Work to be completed
Look through the data below for the line with "대전 대가면옥 테이블 전경", and transcribe it exactly together with each line after it up to and including the line with "Rolls-Royce Ghost, 2018 18". Give nothing else.

Saved entries
══════════

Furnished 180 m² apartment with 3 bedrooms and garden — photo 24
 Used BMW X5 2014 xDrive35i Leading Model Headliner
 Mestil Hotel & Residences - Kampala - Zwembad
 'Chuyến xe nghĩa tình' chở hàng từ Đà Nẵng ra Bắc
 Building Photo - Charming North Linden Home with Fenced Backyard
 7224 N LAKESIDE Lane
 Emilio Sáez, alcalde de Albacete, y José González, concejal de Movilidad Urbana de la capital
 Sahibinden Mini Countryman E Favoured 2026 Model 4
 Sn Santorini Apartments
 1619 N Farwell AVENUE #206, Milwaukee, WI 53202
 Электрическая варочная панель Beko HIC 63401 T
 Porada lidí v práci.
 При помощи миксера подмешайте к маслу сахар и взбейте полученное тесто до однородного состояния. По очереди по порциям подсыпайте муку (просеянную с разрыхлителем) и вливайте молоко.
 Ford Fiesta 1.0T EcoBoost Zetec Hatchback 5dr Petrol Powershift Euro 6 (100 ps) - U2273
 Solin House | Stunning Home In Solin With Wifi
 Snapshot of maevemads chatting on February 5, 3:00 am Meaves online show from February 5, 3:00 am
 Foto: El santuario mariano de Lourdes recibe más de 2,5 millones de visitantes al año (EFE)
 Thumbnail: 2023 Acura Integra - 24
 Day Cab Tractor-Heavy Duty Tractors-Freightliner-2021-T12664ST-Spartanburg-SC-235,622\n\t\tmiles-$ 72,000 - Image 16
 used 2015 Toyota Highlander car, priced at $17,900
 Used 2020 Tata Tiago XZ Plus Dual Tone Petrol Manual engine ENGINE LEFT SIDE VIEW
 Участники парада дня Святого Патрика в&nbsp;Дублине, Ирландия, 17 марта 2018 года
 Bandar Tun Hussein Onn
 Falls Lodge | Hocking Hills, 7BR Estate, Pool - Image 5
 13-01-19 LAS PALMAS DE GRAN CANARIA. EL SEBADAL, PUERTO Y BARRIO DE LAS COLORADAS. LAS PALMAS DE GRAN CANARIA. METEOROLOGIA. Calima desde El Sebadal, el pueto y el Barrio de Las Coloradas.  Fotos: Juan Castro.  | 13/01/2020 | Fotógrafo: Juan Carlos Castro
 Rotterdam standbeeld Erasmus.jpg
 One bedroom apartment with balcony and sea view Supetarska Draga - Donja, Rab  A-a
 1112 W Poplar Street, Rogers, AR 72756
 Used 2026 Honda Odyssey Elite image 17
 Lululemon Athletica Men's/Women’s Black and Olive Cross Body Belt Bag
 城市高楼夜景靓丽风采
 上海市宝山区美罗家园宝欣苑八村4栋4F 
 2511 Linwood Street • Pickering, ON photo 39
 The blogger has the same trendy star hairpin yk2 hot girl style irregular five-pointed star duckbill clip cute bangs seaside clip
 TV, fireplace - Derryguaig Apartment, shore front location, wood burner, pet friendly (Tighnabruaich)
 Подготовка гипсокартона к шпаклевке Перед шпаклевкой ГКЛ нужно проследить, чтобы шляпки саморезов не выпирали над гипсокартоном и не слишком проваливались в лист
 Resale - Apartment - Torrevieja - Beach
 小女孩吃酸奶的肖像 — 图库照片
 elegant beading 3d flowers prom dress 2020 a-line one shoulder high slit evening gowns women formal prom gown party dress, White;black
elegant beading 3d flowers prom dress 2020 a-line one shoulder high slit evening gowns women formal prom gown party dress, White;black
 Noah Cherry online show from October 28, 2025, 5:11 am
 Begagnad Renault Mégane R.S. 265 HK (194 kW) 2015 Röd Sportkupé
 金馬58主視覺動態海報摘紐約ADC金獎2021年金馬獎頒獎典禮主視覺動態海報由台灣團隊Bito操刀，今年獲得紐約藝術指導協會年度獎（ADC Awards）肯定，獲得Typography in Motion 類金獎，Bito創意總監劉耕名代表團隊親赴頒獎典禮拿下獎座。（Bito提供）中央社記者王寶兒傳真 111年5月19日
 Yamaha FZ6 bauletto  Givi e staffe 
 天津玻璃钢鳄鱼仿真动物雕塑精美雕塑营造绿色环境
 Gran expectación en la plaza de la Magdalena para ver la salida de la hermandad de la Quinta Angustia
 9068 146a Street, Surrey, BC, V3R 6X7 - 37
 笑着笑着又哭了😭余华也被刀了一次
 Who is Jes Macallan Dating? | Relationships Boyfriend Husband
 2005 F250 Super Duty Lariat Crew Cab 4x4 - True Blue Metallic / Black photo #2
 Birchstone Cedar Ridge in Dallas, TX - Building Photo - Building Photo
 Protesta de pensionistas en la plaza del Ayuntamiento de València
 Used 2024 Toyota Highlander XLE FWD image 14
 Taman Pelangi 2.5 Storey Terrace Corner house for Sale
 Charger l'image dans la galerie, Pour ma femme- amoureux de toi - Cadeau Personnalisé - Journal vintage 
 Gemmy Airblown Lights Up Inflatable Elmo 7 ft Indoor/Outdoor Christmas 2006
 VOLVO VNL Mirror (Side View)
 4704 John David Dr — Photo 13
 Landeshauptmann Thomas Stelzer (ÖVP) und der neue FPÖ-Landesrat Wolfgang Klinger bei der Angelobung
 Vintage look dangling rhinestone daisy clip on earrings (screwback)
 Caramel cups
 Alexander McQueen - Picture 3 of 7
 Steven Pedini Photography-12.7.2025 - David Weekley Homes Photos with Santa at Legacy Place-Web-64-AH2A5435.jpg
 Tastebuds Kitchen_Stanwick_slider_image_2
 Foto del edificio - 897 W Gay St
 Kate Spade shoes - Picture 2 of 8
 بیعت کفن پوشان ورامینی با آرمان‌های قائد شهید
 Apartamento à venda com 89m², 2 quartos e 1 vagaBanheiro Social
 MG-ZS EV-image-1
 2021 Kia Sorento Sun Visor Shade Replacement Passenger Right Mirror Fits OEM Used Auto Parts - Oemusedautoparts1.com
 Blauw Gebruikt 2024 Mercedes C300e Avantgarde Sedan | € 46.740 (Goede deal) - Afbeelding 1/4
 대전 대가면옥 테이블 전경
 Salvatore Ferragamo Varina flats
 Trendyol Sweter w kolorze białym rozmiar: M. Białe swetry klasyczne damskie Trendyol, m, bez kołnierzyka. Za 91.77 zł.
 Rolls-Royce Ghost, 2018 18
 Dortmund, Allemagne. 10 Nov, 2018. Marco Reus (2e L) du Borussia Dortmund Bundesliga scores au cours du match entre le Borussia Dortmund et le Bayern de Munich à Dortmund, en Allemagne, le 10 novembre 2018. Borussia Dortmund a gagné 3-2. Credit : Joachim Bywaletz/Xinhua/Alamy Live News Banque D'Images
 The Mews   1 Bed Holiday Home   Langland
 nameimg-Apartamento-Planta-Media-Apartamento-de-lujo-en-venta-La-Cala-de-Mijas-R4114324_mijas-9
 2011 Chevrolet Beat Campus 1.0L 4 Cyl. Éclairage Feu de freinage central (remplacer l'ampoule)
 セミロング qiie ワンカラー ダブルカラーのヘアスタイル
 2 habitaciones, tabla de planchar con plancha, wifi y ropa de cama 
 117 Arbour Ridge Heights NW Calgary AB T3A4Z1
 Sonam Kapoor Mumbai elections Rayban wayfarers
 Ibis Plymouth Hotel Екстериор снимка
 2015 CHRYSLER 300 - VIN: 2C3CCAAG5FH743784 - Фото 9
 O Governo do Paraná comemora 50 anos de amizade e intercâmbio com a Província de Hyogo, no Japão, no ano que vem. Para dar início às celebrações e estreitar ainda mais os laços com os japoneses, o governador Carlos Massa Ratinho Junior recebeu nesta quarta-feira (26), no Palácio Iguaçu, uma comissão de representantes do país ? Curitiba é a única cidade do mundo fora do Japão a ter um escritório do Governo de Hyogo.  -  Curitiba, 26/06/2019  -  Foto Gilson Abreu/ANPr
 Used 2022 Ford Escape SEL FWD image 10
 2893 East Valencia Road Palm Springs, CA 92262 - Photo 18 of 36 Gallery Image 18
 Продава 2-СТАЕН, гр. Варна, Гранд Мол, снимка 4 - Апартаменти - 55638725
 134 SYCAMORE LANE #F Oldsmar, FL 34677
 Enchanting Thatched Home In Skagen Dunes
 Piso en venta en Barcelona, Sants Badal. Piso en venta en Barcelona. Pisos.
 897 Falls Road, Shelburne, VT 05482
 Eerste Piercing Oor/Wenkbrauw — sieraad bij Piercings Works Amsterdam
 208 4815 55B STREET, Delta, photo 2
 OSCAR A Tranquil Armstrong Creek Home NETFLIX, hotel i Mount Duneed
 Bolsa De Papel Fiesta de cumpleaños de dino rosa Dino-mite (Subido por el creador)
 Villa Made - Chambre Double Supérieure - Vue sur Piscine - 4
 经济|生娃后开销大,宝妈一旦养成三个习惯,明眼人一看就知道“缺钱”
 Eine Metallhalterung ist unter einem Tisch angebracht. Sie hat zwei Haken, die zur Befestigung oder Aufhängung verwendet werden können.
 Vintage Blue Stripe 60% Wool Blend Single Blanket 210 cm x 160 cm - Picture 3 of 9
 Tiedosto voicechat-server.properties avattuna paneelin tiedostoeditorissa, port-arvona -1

══════════

Result
 대전 대가면옥 테이블 전경
 Salvatore Ferragamo Varina flats
 Trendyol Sweter w kolorze białym rozmiar: M. Białe swetry klasyczne damskie Trendyol, m, bez kołnierzyka. Za 91.77 zł.
 Rolls-Royce Ghost, 2018 18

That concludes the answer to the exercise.